Hiring and Training for Niche Businesses: Finding Top Talent

If your niche business needs employees with unique skills, hiring and training can be a challenge. Check out these tips for small businesses to find top talent.

Explore this guide to learn how to hire and train top talent for your niche business.

Did you know that 45.6 percent of all U.S. employees work for small businesses? Because they employ nearly half of all workers in the country, the growth of small businesses is integral to the health of the nation’s economy.

However, many small businesses struggle to attract and retain employees, especially those that provide niche products or services. For example, dog groomers need employees with grooming skills and experience. A local bakery, on the other hand, might require employees to have attended culinary school or worked under pastry chefs.

In this guide, we’ll explore tips and strategies that your niche business can use to hire and train employees. These pointers align with what today’s workers think is important, helping you boost engagement, satisfaction, and retention.

Tips for Hiring Excellent Employees

The first step to finding efficient, talented employees is making them aware that you’re hiring. From there, you’ll need to show them why they should work for your businesses.

To accomplish both of these goals, your business should:

  • Create tailored, detailed job descriptions. Job descriptions must provide a clear picture of the role and its responsibilities to attract the right candidates. Astron Solutions’ guide to writing job descriptionssuggests including basic elements like the job title and summary, an organizational overview, and required qualifications. It should also explain the position of the job within your business’s hierarchy, the salary and benefits, and any additional statements (e.g., a note about required background checks).
  • Partner with educational institutions. Work with trade schools, technical colleges, or universities in your area to recruit graduates.

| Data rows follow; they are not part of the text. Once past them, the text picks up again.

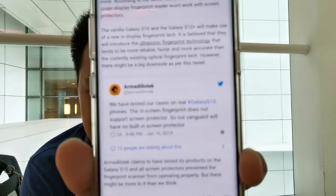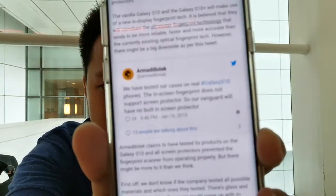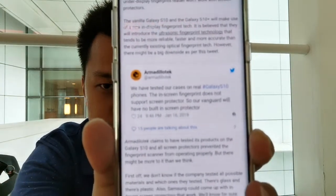This morning I saw an article on a tech website. Apparently, according to a Twitter account — I think it's called 'Any Little Tech' — it reads: 'We have tested our cases on real Galaxy S10 phones. The in-screen fingerprint does not support screen protectors, so our Vanguard case will have no built-in screen protector.'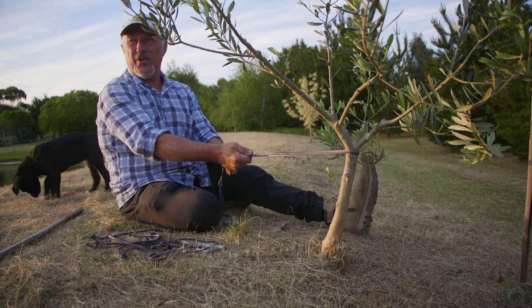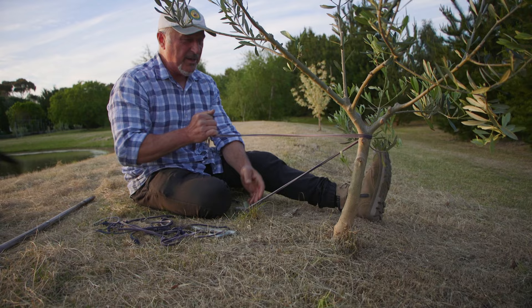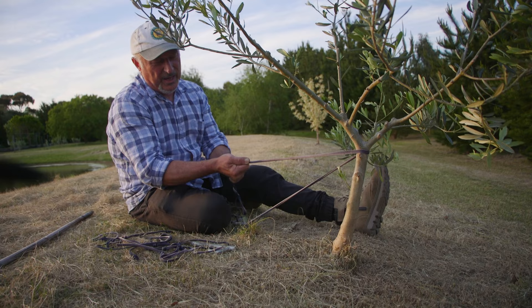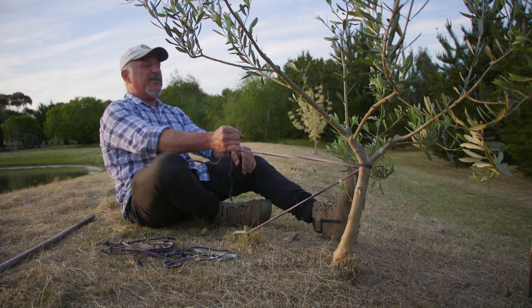So anchoring it down, I've got a double loop. This is something you need to do with all your trees if you're going to stake them and control the growth direction. Tying them down and walking away for months without inspecting them is not the right thing to do — you need to go back and make sure that the soft tie is in good position.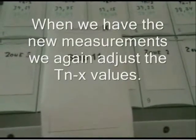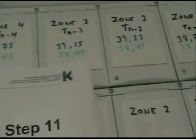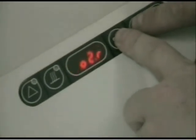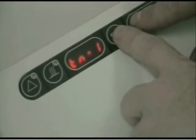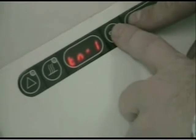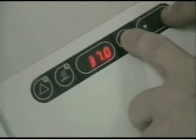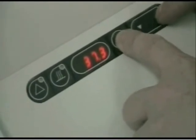Now we have our second series of measurements on the zones. We will now adjust the tune values like we did before inside the menu on the G185. I enter the menu and scroll down to tune 1. On zone 1, compartment 5 and 10, we have a measurement of 37.38, so we adjust the value to 37.4.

For example, a salon might coordinate an internship program with a local cosmetology school. Share that these internships could lead to full-time offers and provide real-world experience. These programs also give your business a chance to see potential employees’ soft skills, leadership abilities, and teamwork dynamics.
  • Expand its reach. Share the job posting in industry-specific spaces to spread the word further. If your vet practice is hiring veterinary technicians, you might list the job in the National Association of Veterinary Technicians in America’s career center. Keep an open mind and look for candidates with transferable skills like great customer service and time management. These employees may not check every box when it comes to niche skill sets, but with a little training, they could become your top workers.
  • Dig deep with interview questions. Tailor questions to each role to gain a deep understanding of candidates. While a dog daycare needs a receptionist and attendants to watch the animals, these positions require vastly different skill sets. Ask open-ended questions that focus on role-related knowledge and skills. Frame these as both retrospective and prospective questions such as “What is an example of a conflict you handled at a previous job?” and “If [role-specific scenario] happened, what would you do?”

Remember to list these job postings in places that align with potential employees’ communication preferences. Contacting them through the platforms they are most familiar with and use most often helps you get the word out about your need for employees.

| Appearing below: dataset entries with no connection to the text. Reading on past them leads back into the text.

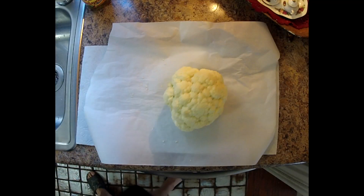Hi, this is Chin and I'd like to show you an ancient Korean cauliflower crust pizza recipe. The video's going way too fast.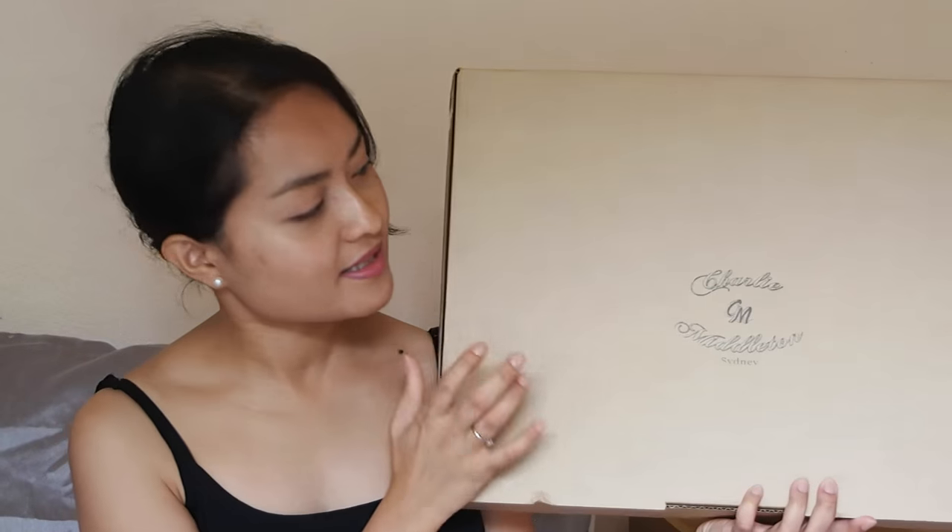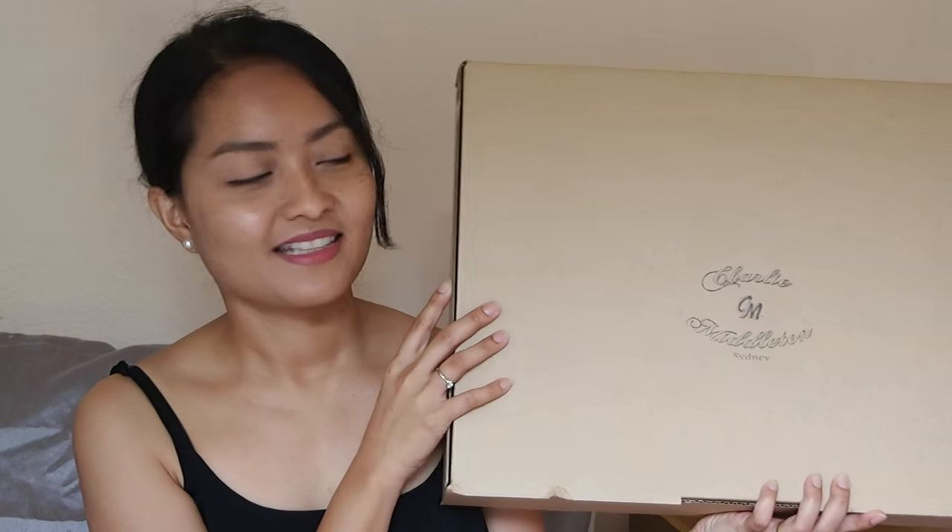I don't know if you guys can see it but it's from Charlie Middleton. I thought I'd do an unboxing video but I'm not gonna lie to you — I took a sneak peek yesterday and I'm really loving what I saw inside it.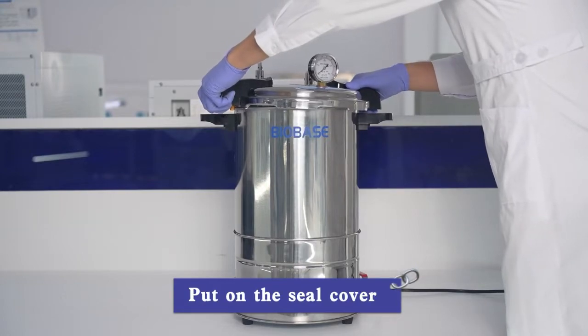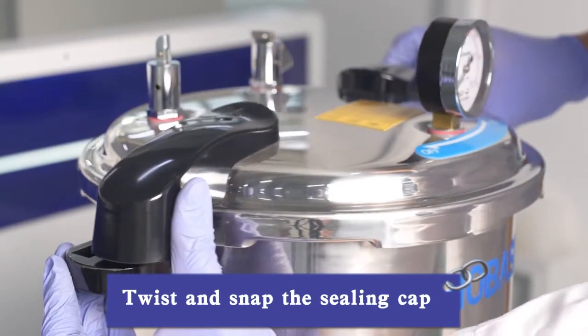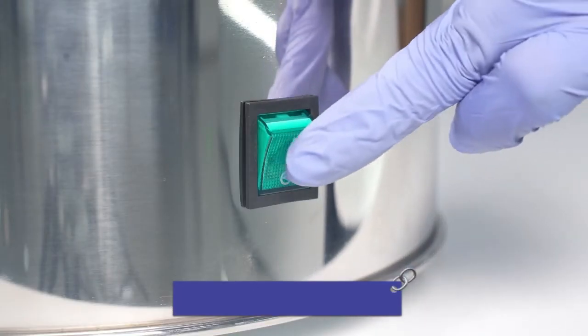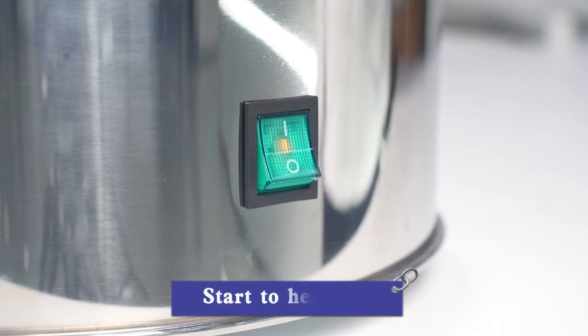Put on the seal cover. Twist and snap the sealing cap, then open the exhaust valve. Turn on the power and turn on the switch to start heating up.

Training Your Employees on Niche Skills

Once you’ve attracted qualified candidates, interviewed them, and extended a job offer, it’s time to start preparing them to take on the role. Efficient, effective training and onboarding are paramount for specialized or niche businesses.

Start by sending your new employees an outline or agenda for onboarding. Save time by asking them to complete certain tasks before onboarding, such as setting up their account in your business management software. Then, use the following strategies to guide their on-the-job training:

Start a mentorship program.

When employees start a new job, they might feel overwhelmed by the need to adapt to the company culture, keep customers happy, and perform all of their new tasks and responsibilities. Giving them a trusted mentor can mitigate stress and provide them with a more experienced worker to lean on.

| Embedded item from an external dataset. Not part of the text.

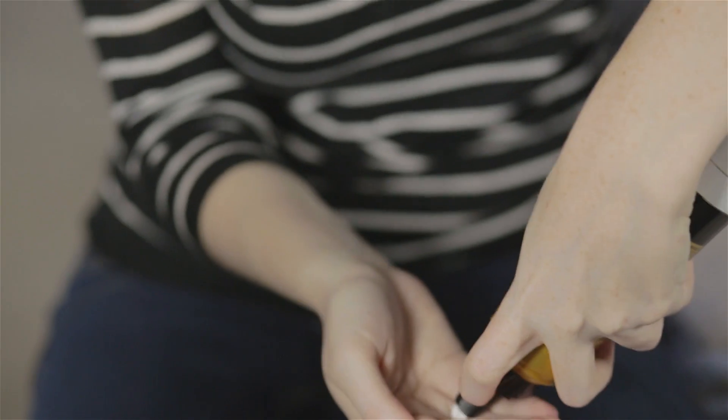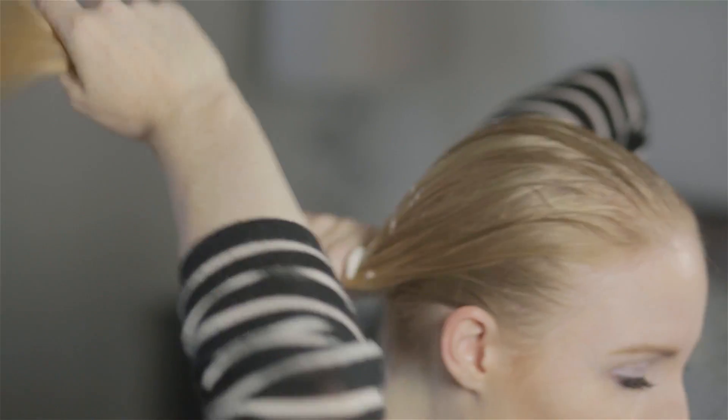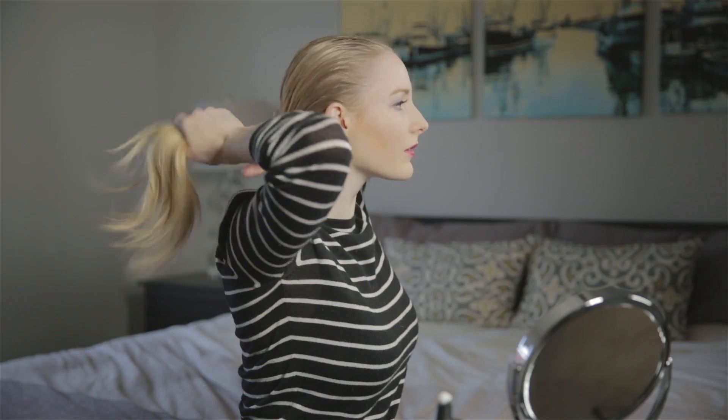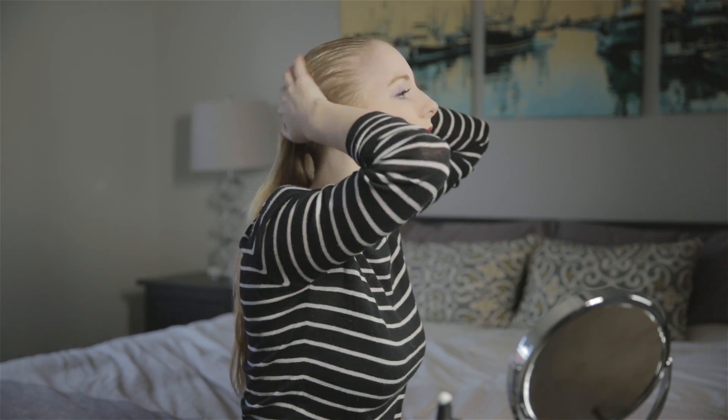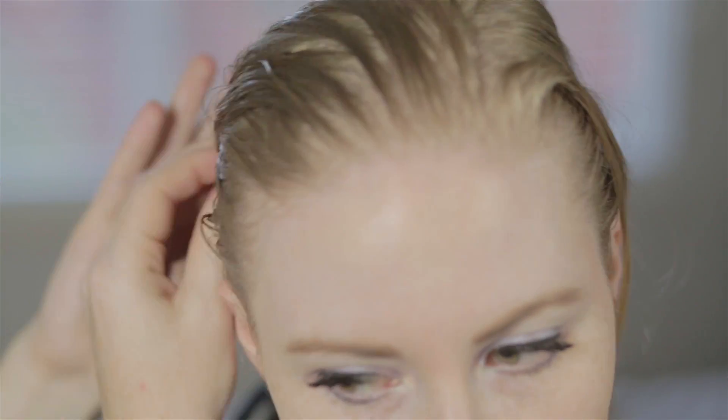So we're going to go back to the Pantene Pro-V mousse again and just run it all the way through the hair now that we've got that nice volume on top.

Here are some tips and strategies for starting a mentorship program:

  • Strategically match mentors and mentees. Create pairs based on their skills, experience, personality compatibility, and broader career goals. If a mentee has expressed interest in holding a leadership position one day, consider pairing them with a seasoned manager.
  • Organize regular one-on-one meetings. Have mentors schedule weekly or monthly meetings with their mentees to discuss skill development, feedback, work-related challenges, and opportunities for career development. Additionally, offer team-wide meetings that focus on specific topics like improving customer service or achieving work-life balance.
  • Encourage collaboration and knowledge sharing. Mentors should share any tips they have for streamlining tasks with mentees—these may be things that aren’t covered in onboarding. For example, if your pet business uses software like Gingr that provides owners with pet report cards, a mentor could give the new employee tips on how to track the animals’ health, behavior, and activity to quickly create the reports.

These programs are great, but what should you do if your business is one of the 26.4 million firms with no current employees? If you have the bandwidth, consider filling the mentor role for your first worker. If not, find interactive online training courses, networking opportunities, or external workshops to help them learn from peers.

Offer standardized, hands-on learning.

Workers of all ages need hands-on learning opportunities. Younger generations in particular are looking for a focus on relationships and want to feel a sense of belonging and purpose in the workplace—all benefits of a hands-on approach.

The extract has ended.